As we meet some of the villagers and students who have arrived for our workshops we observe that Chinese clothing is very westernized. Shoes are almost always state-of-the-art Nikes, Converses, Adidas and T-shirt slogans are usually in English even if the wearer doesn’t speak a word and may have no idea what it means. But surprisingly, many have done at least a year at a US university. Sometimes the ensemble of hair, glasses, clothes and iPhone 7 is so western you think the kid is USAnian except that when you ask them something they can’t comprehend a word. In contrast, there are kids who’ve learned almost perfect English just by watching internet movies and TV and prefer to affect old-style Chinese dress and hair styles, even the round glasses from a century earlier.

This contrast between the old and the new will be a recurrent theme of our month here. While many Chinese youth are enamored of consumer culture and willing to make great sacrifices to attain it, the Chinese ecovillage movement is mostly retrofuturist, showing deference, if not nostalgia, for lost culture. They seek as much a return to villageness as a breath of cleaner air and sip of cleaner water.

They are bucking a big trend, but lately they have been finding support in unusual quarters. Eleven years ago, the current President of China, then Governor and Party Committee Secretary of Zhejiang, went on a State visit to the rural villages to assess the needs of the people. What he discovered was a brewing catastrophe.

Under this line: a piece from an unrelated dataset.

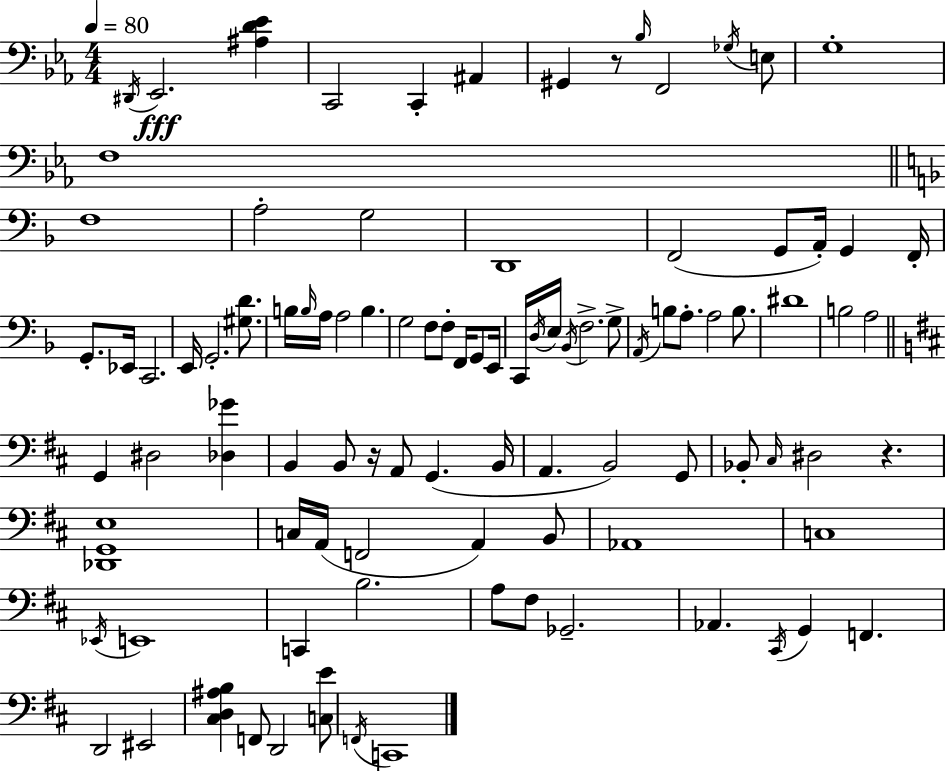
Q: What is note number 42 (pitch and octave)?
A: F3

Globalization has been drawing people from the country to the cities for many decades, and until recently government policies encouraged it in order to fill the need for a gargantuan factory labor force. It recognized that this policy meant sacrificing agricultural capacity, but like most developing countries, was willing to make that trade-off because it figured that it could import food with its newly favorable trade balance, and a whole lot more.

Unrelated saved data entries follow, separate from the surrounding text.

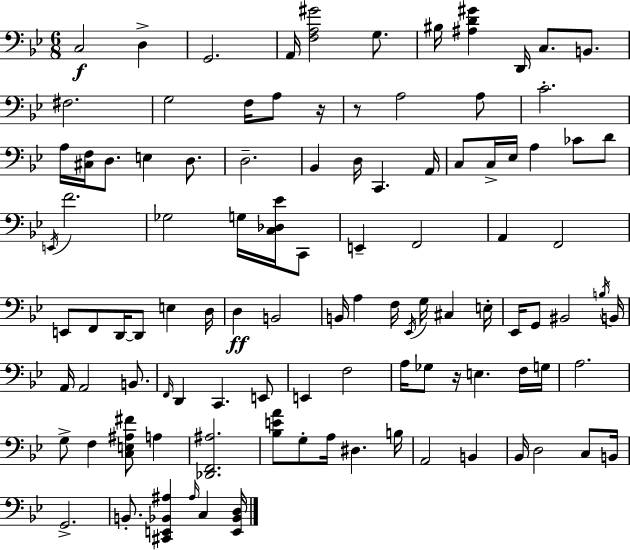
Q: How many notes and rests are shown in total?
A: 104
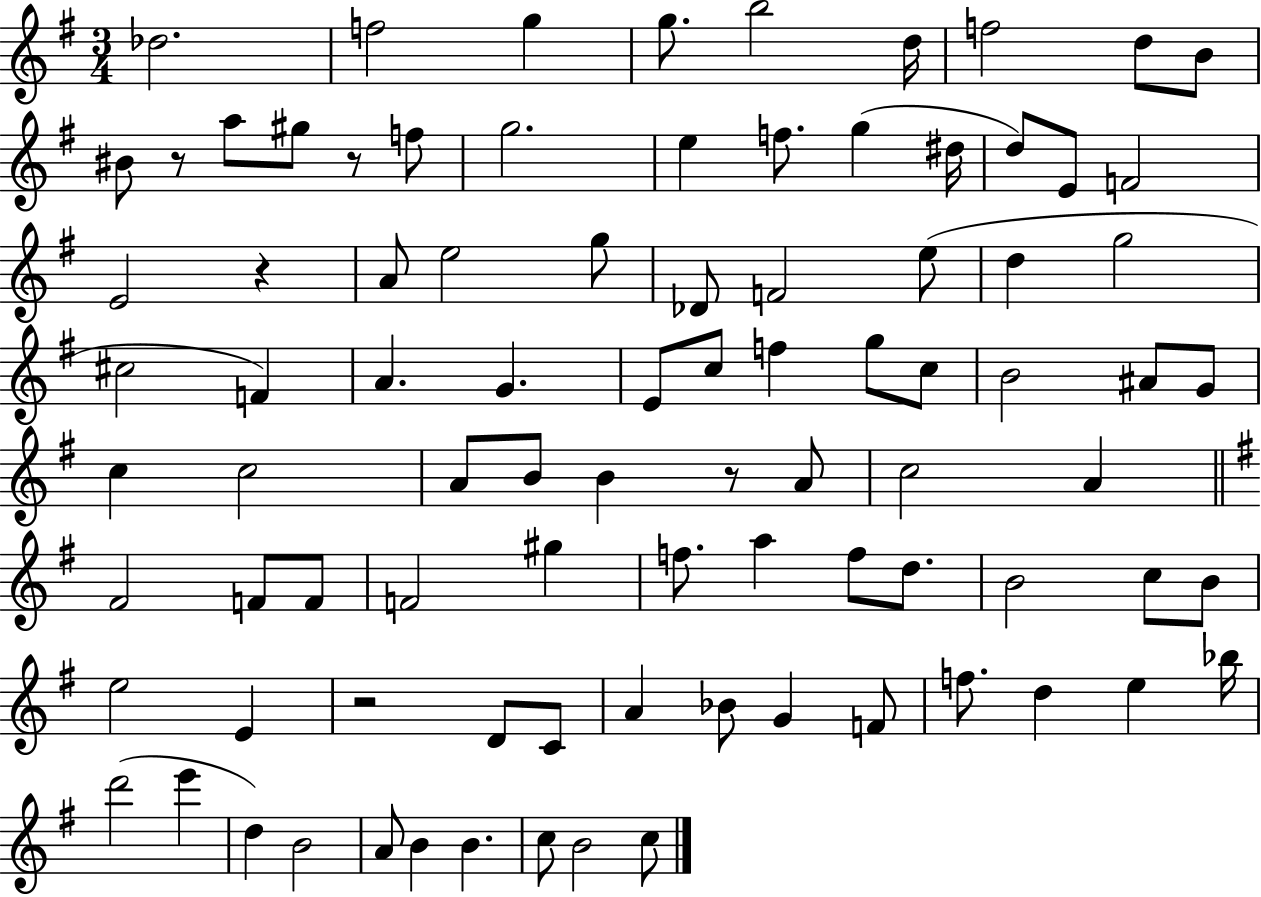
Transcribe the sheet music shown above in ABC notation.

X:1
T:Untitled
M:3/4
L:1/4
K:G
_d2 f2 g g/2 b2 d/4 f2 d/2 B/2 ^B/2 z/2 a/2 ^g/2 z/2 f/2 g2 e f/2 g ^d/4 d/2 E/2 F2 E2 z A/2 e2 g/2 _D/2 F2 e/2 d g2 ^c2 F A G E/2 c/2 f g/2 c/2 B2 ^A/2 G/2 c c2 A/2 B/2 B z/2 A/2 c2 A ^F2 F/2 F/2 F2 ^g f/2 a f/2 d/2 B2 c/2 B/2 e2 E z2 D/2 C/2 A _B/2 G F/2 f/2 d e _b/4 d'2 e' d B2 A/2 B B c/2 B2 c/2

What Xi Jinping saw nearly broke his heart. Long a champion of “Chinese values” and the “Chinese Dream,” Xi had hoped to revive Taoist practices of harmony in culture and nature. "He who rules by virtue is like the North Star," he said at a meeting of officials last year, quoting Confucius. "It maintains its place, and the multitude of stars pay homage.”

What he saw in the rural countryside was that all the teenagers, young people and middle-aged had left. There were only the very elderly — the grandparents — and the very young — the grandchildren — being supported by a combination of welfare services and remittances from distant families working in the cities. The terraces, on land too steep to use machinery, were in disrepair, overgrown with weeds and emergent forest. Buildings were crumbling and stray dogs roamed the streets. Food production had plummeted. The old hand tools were rusted and broken. The forests on the hillsides had been raided by timber companies and now mudslides wrecked the streams and threatened the villages.

The villagers said to Xi, “Look what we have lost!” They wanted back the forests and wildlife that made this a good place to live. Thus was born the two mountain theory.

Back in Shanghai, Xi gave a speech calling for two mountains. The first was development, including basic services to make peoples’ lives better. The second he called his “mountain of gold” — return of nature. Pure forests and pure water was what he called the real gold of China.

This was 11 years ago. In 2013 he became General Secretary of the Communist Party of China, President of the People's Republic of China, and the Chairman of the Central Military Commission, the most powerful consolidation of power since before the Tiananmen Square protests of 1989.

We are told that one reason the Sunshine Ecovillage Network has been successful in winning official support for its plan for rural revitalization in China, with a goal of 100 ecovillages by 2021, is that it chose to launch here in Zhejiang province, where the two mountains were first revealed to Xi Jinping.

This is first in a continuing series. 

Comments

dex3703 said…
Now THIS is an exciting development. Once the Chinese decide to do something, it happens.